No primeiro caso, um garoto revelou que desde os 10 anos de idade, por várias vezes, partiu de Marabá para São Luís do Maranhão, acompanhado de outros adolescentes. Levando apenas um pouco de comida, o garoto narrou que esperava o trem parar na estação para então entrar no vagão de minério. Nas ruas da capital maranhense, ele passava vários dias dependendo de comida de estranhos. E quando os funcionários da Vale o pegavam, era levado ao Conselho Tutelar.
“Eu ia por aventura. É fácil embarcar”, afirma o adolescente, que tem o rosto não identificado no vídeo.
A mãe, também com rosto não revelado, recorda as mais de sete vezes que o filho partiu, enfatizando a maneira fácil dele ir para o trem.
“As viagens atrapalharam estudos. Mais de seis meses lá. Eu fico sofrendo sem dormir e comer. Fui duas vezes buscar meu filho. Passei a noite toda num bar sem conhecer ninguém na esperança de encontrar”, recorda.
No segundo caso, um jovem de São Luís, já com 16 anos, começou suas “aventuras inconsequentes” aos 10 anos.
Mas, sem sombra de dúvidas, o caso mais emblemático dos efeitos desse fenômeno foi visto quando a promotora de Justiça da Infância e Juventude entrevistou ao vivo um jovem de 19 anos, que entrou mascarado no plenário da CMM pedindo para se referirem a ele pelo nome fantasia Brad Pitt.
Além de confirmar com maiores detalhes as facilidades que os menores tem de entrar nos vagões, Brad Pitt que teme sofrer retaliações, relatou que em algumas das vezes que foi pego pelos agentes de segurança da Vale S.A. sofreu lapadas de facão, coronhadas e outras ofensas. Certa vez, ele foi empurrado de cima do vagão a ponto de sofrer grave ferimento na perna, do qual ainda existem sequelas.

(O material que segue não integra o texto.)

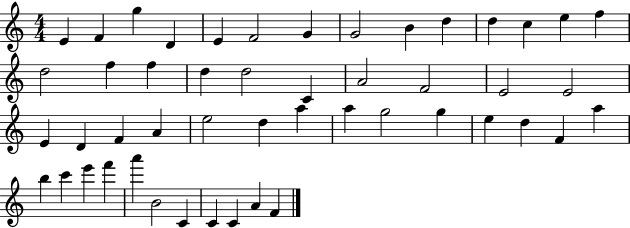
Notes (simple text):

E4/q F4/q G5/q D4/q E4/q F4/h G4/q G4/h B4/q D5/q D5/q C5/q E5/q F5/q D5/h F5/q F5/q D5/q D5/h C4/q A4/h F4/h E4/h E4/h E4/q D4/q F4/q A4/q E5/h D5/q A5/q A5/q G5/h G5/q E5/q D5/q F4/q A5/q B5/q C6/q E6/q F6/q A6/q B4/h C4/q C4/q C4/q A4/q F4/q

MP DO PARÁ E DO MARANHÃO UNEM FORÇAS PRA SOLUCIONAR
Em São Luís datam desde 2005, e em Marabá desde 2003, as referências a essa prática nominada meninos do trem. Por conta disso, os MPs dos dois estados deram as mãos para coibir o fenômeno que tem afetados centenas de crianças e adolescentes. Inclusive a parceria tem buscado informações junto aos estados de Minas Gerais e Espírito Santo, que também possuem estradas de ferro, e pode ser que tenham o mesmo problema.
No quadro de dados apresentados durante a audiência, em 2003, cerca de 109 menores fizeram as viagens de risco. Já em 2008 foram 195. Porém, segundo a Vale, desde 2009 esse número caiu para uma média de 17 ao ano.
De acordo com Lilian Freire, tem que se exigir da empresa medidas sérias e eficazes para coibir essas viagens, que resultam em exploração sexual, uso de drogas, haja vista que os menores vão para lugares sem amparo nenhum.
São mais de 900 quilômetros de extensão a composição da ferrovia, tendo os trens algo em torno de 3 Km de comprimento. Isso representa um espaço mais que o suficiente para que crianças e adolescentes se tornem vítimas fáceis de acidentes, lesões corporais, mortes e outras fatalidades.
O público riu de um fato que a promotora contou sobre um garoto que dizia gostar de vir de São Luís e ficar nas ruas de Marabá, porque a cidade é bonita. Porém, Freire ressaltou o grau de risco à vida da criança. 
Antônio Celso Brasiliano apresenta relatório que vai
contra posição do técnico canadense e da
avaliação do Ministério Públic
o
O discurso do promotor do MPMA, Marcio Tadeu da Silva Marquês, tratou dos direitos desse segmento de menores empregando o termo “invisíveis”. Isso porque ele entende que o poder público não tem se interessado como devia ao saber da condição de vida deles.
Marquês comentou que o trabalho do Maranhão, na capital, foi de provocar a Agência Nacional de Transporte em Terra (ANTT), porém, a entidade deu a entender que não identificou nenhuma falha na conduta de segurança da Vale.
O promotor ressaltou ainda que o espírito de aventura dos juvenis, bem como outras causas de ordem econômica e cultural, não minimiza a responsabilidade da Vale em garantir segurança dos menores. Ele criticou que a facilidade ao acesso das composições de carga do trem é de total responsabilidade da empresa. 
Para Brasiliano, o problema envolve Estado, Família e
a empresa Vale. E aponta a evasão escolar, a falta de
políticas públicas e a negligência familiar como algumas
das principais causas da condição de vulnerabilidade
que afeta crianças e adolescentes 
"Não é mais importante o resultado financeiro da Vale S.A. do que a vida de uma criança e o padecimento de uma mãe ou dos familiares. São as responsabilidades técnicas e operacionais com que a Vale pode dar cobro a isso. Então, é necessário uma postura institucional", afirma.
Marquês ainda questionou o fato da mineradora não garantir a segurança das crianças e adolescentes que são vitimados na ferrovia.
“Se a Vale tem tecnologia para saber, em tempo real, a temperatura de cada roda de uma composição do trem, não me parece impossível que se faça a vistoria com qualidade”, considera.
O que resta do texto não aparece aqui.